Legally, the argument is sound. Colorado, the state, does not define a fetus as a person, so the case looks kind of like the hospital may succeed in getting the lawsuit thrown out of court. But, also, and most importantly, a Catholic institution is arguing that a fetus is not a person.
Onto the roundup!
- After Prince Harry compared the act of killing Islamist militants to video games, a Taliban spokesperson said that dude's got to have “mental problems.”
- In and around Baghdad, a series of car bombings killed at least 17 people. Later in the week, a suicide bombing at a Shia mosque in Iraq left at least 23 people dead.

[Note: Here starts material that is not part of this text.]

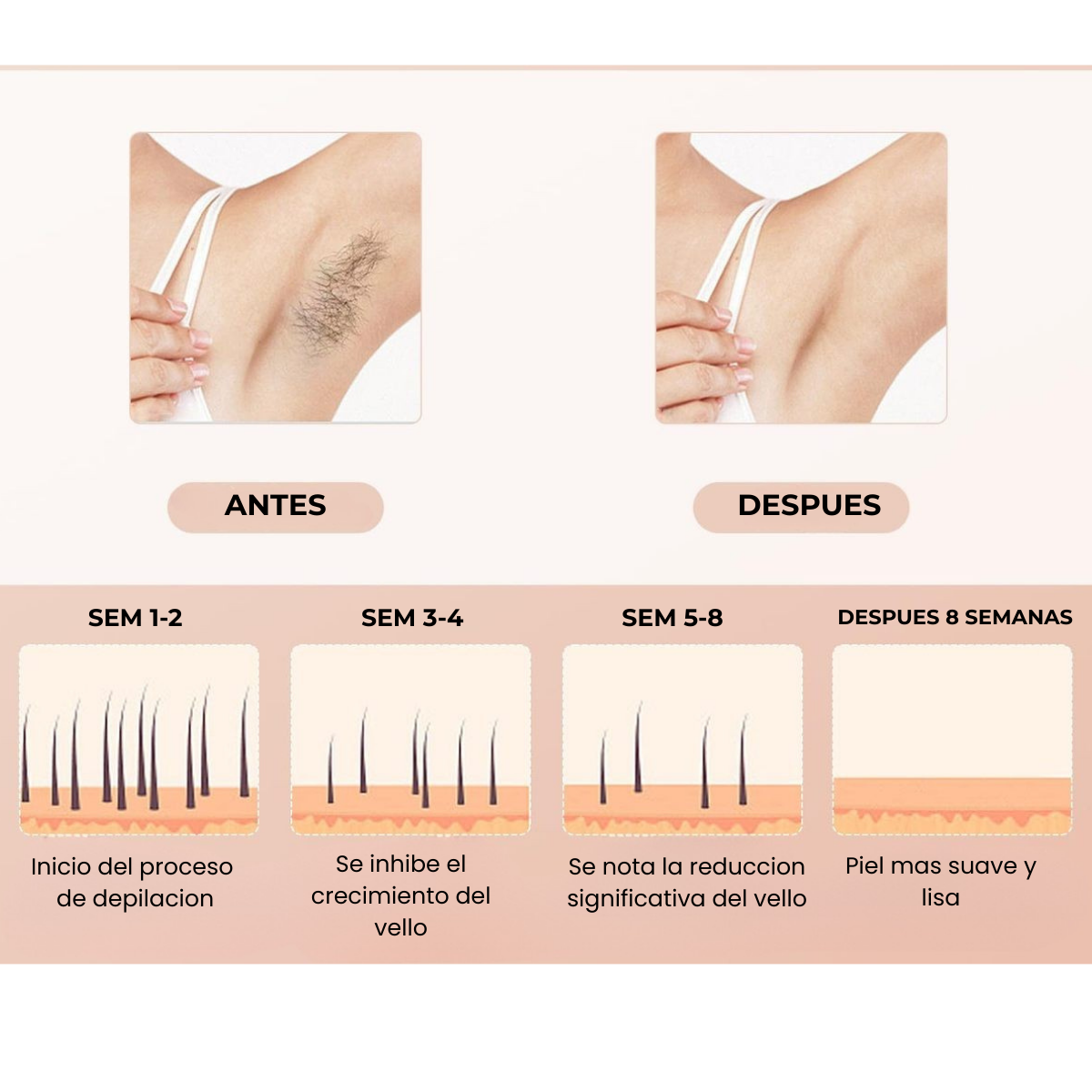 Depiladora IPL Laser Definitiva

- Texas public schools evidently teach that the Earth is 6,000 years old.
- CIA agent John Kiriakou pled guilty to leaking the name of a fellow officer who was water-boarding detainees. While his attorneys argued Kiriakou should be protected by the “whistleblower” defense, that kind of legal logic has no place in the US military, meaning he was sentenced to 30 months in prison.
- Boko Harem in Nigeria went crazy on Wednesday, killing 23 people in a market, targeting those who were gambling or selling “forbidden” meat—both big no-nos in Sharia law. Then he beheaded at least three people in the northeast city of Maiduguri.

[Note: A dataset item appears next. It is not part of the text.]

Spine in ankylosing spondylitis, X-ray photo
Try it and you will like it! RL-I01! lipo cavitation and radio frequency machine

- 52-year-old David Headley was found guilty of assisting the militants who carried out the 2008 attacks in Mumbai that left more than 160 people dead. His role was scouting locations, but he also revealed that he had planned an attack on the Danish newspaper that published cartoons of Muhammed, which would have resulted in the beheading of the entire staff. Yikes.
- In Pakistan, two rival Islamist militant groups (Tehrek-e-Taliban and Ansarul Islam) have begun scuffling near the Afghanistan border, the latest flurry of attacks leaving at least 24 dead.
- This was from my week off, but it still needs to be mentioned: Remember that horrific story from India regarding a women being gang-raped on a bus and, ultimately, dying from her injuries? Merely a week later, a creepily-similar incident occurred, seven men gang-raping a woman on a bus, this time with the bus driver acting as an accomplice.
- The Guardian detailed how the Vatican has been spending the last 80-plus years building up a global property empire with money that was given to the church back in 1929 by Mussolini, payment for the papacy legitimizing his fascist regime. In other words, the church continues to profit from helping a facilitate a dictator's takeover.
- A female GOP state representative from New Mexico presented a bill that'd prevent women who are raped and impregnated from getting an abortion because they would be “tampering with evidence.”
- If you haven't been following the saga of Notre Dame linebacker Manti Te'o and his fake dead girlfriend, well, it's a pretty amazing story that you should spend the next half hour getting caught up on. It's a bit too labyrinthian of a tale for me to do a legitimate job of summing up here. In any case, one of the side-stories was that Te'o's mother apparently spent a good amount of time trying to coerce her son's girlfriend, who didn't exist, to convert to Mormonism.
- With arguments surrounding the constitutionality of California's Proposition 8 just about to get underway in the Supreme Court, a whole lot of crazies started coming out of the woodwork to do some protesting.
- The LA Times has a pretty great story about a sexually-abusive priest, and how one of his victims found solace after reading the priest's confession.
- Speaking of priests gone wrong, in Philadelphia, a Franciscan friar, who was accused of sexually abusing children in Ohio and Pennsylvania, killed himself.
- And Our Person of the Week: Generally, this space is allocated to those who stand up in the face of religious dogma. This week, though, the title is going to whatever motherfucker owns this amazing anti-abortion truck. Because, c'mon, just look at it.